Move repository and CI to GitHub. Tested on Python 3.10 (Ubuntu 22.04), and Python 3.12 (uv).
Version 1.0.7 - Sep 30. 2024
Support for numpy 2.1
Drop support for Python 3.9 and older (following numpy)
Added testing with latest Python available via uv (currently CPython 3.12)
Version 1.0.6 - Jun 28. 2024
Support for numpy 2.0
Add type annotations
Add API docs for public API functions
Version 1.0.5 - Jan 25. 2024
Update the documentation
Unbreak the read-the-docs builder
Switch to pyproject.toml from setup.py (replace setuptools with hatchling)
No new code or functionality added or removed, just housekeeping
Version 1.0.4 - Aug 28. 2020
Add the raschii.cmd.plot and raschii.cmd.swd command line programs
Version 1.0.3 - Aug 28. 2020
Fix missing time dependency in Stokes surface elevation
Ensure all wave models implement T and omega attributes
Test that the surface elevation has the correct period for all wave models
Include SWD file format support for writing generated waves to files for interchange with other tools.
Version 1.0.2 - Jun 4. 2018
Some more work on air-phase / water phase velocity blending
Change the air blending zone to be horizontal at the top (still follows the wave profile at the bottom). The air phase blending still has no influence on the wave profile or water-phase velocities, but the transition from blended to pure air-phase velocities is now a bit smoother for steep waves and the divergence of the resulting field is lower when projected into a FEM function space (analytically the divergence is always zero).
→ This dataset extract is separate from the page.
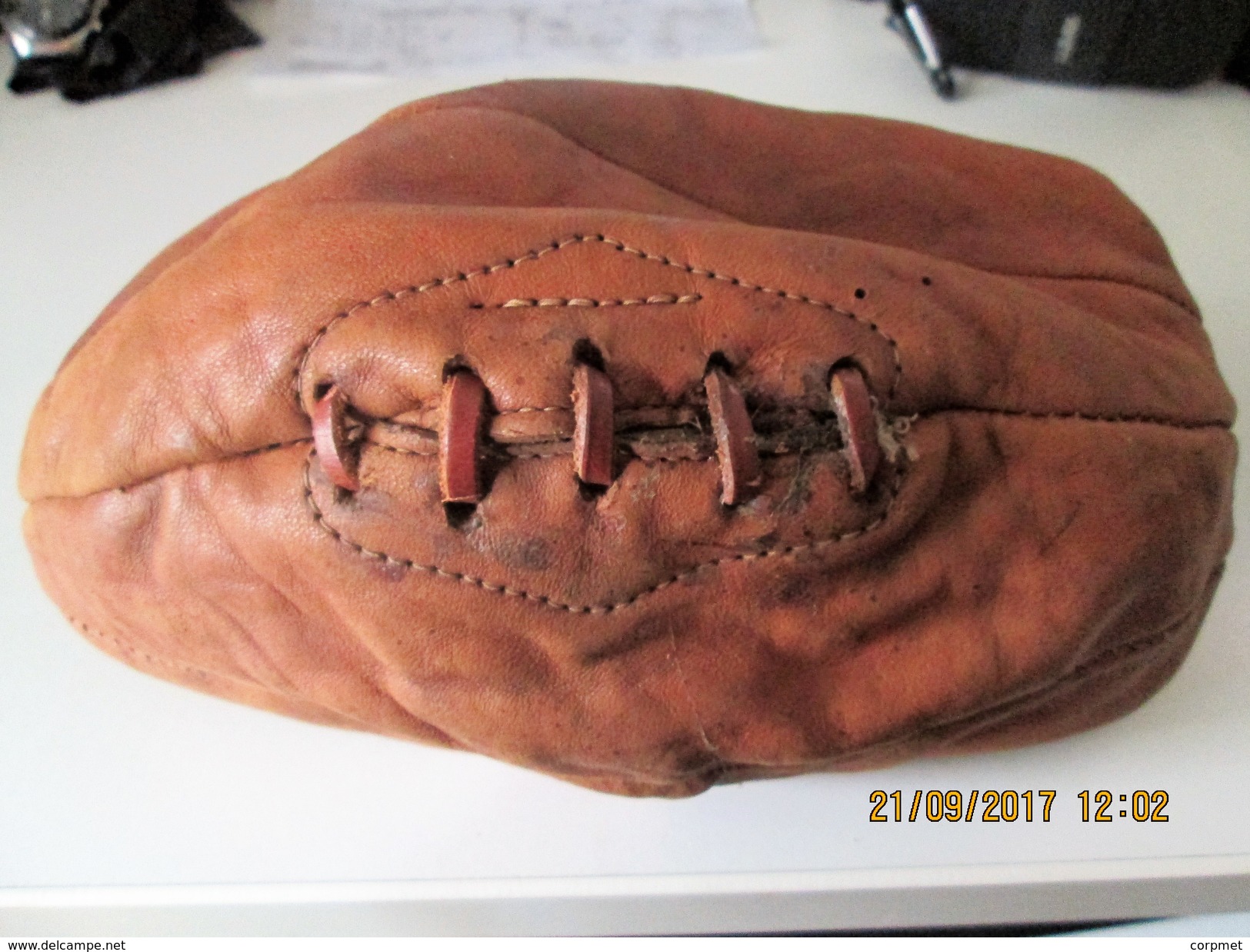 RUGBY - UNE Rare BALLE DE RUGBY Le Numéro 4 - C/1900's D'UN CUIR Chamois - Rare BALL OF RUGBY - Colored LEATHER - Rugby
Version 1.0.1 - May 31. 2018
Small bugfix release
Fix bug related to sign of x component of FentonAir C++ velocity
Improve unit testing suite
Improve FEM interpolation demo
Version 1.0.0 - May 29. 2018
The initial release of Raschii
Support for Fenton stream functions (Rienecker and Fenton, 1981)
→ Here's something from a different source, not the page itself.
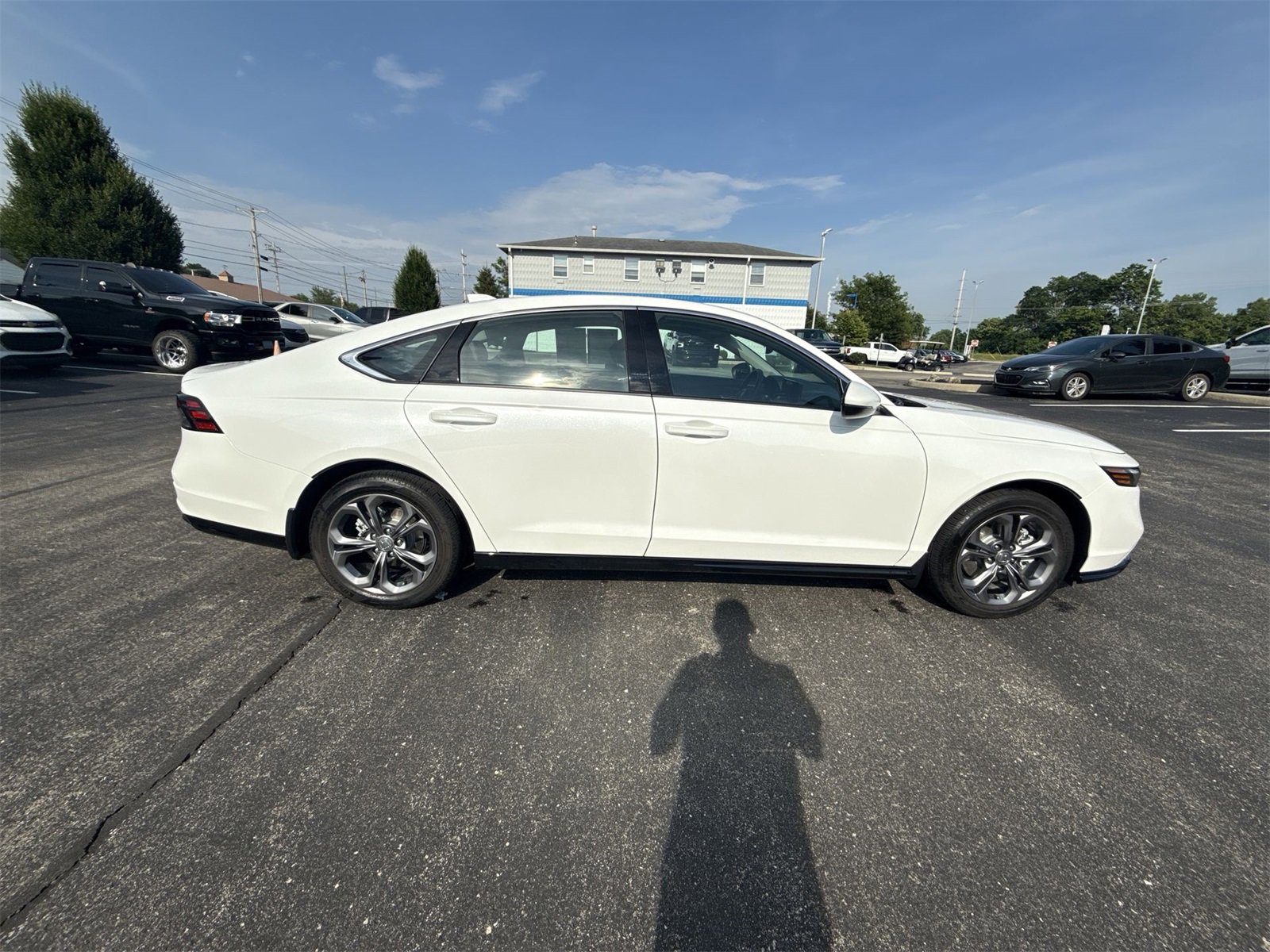 2025 Honda Accord Hybrid EX-L photo 2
Support for Stokes 1st - 5th order waves (Fenton, 1985)
Support for Airy waves
Support for C++ code generation (for FEniCS expressions etc)
Command line program for plotting waves
Command line demo for converting fields to FEniCS
Unit tests for most things
Documentation and (currently non-complete online demo)
Support for computing a combined wave and air velocity field which is continuous across the free surface and divergence free (currently only works with the Fenton stream function wave model).
Copyright and license
Raschii is copyright Tormod Landet (2018–).
Raschii is licensed under the Apache 2.0 license, a permissive free software license compatible with version 3 of the GNU GPL. See the file LICENSE for the details.